Dove è Salvatore mio?
ella diceva. "Sono venuti i Bianchi a prenderlo? perché se lo prendono? io gli voglio parlare per l'ultima volta. Che ha detto il cardinale?" Chiamava mia moglie, chiamava la signora Agresti, e dimandava del marito. Povera donna! stette più ore in questo stato miserando, furono vani i soccorsi che le demmo, e si divise dal marito senza poterlo riconoscere. Venne ancora a vederci l'animosa popolana Marianna, venne la Signora Costanza, la sorella del defunto nostro amico Antonio Leipnecher, venne la Signora Rosalia Cianciulli, donna di gentile famiglia, di gentilissimo cuore, e degna moglie di un caro nostro compagno d'infortunio.
Molte persone ignote chiedevano di vederci; e noi pregammo don Giulio di non lasciare entrare altri che i parenti. O buon don Giulio! quanto fece per voi, quanto dolore sentì per noi! Ma ecco due ignoti che son preceduti da un custode, il quale ci dice: "Questi due signori, amici del direttore di polizia, son venuti per vedervi". Filippo rispose: "E che siam bestie curiose noi?" Eran due brutte facce stupide, che tosto andaron via.
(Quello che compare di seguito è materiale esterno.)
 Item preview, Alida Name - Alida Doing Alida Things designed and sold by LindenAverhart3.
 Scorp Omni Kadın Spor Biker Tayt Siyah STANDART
Vennero gli avvocati C. de Vivo, Biagio Russo, Francesco Bax, e l'egregio Federico Castriota, che tanto aveva fatto e detto per noi. Ci dissero: "Il procurator generale vi fa sapere che alle 3 pomeridiane partirete: voi andrete all'ergastolo, gli altri ai ferri". "E non ci si leggerà la grazia?" "Nulla: un ordine è venuto come fulmine: tutto è pronto: onde voi preparatevi." Molti de' nostri partirono per prepararci il necessario.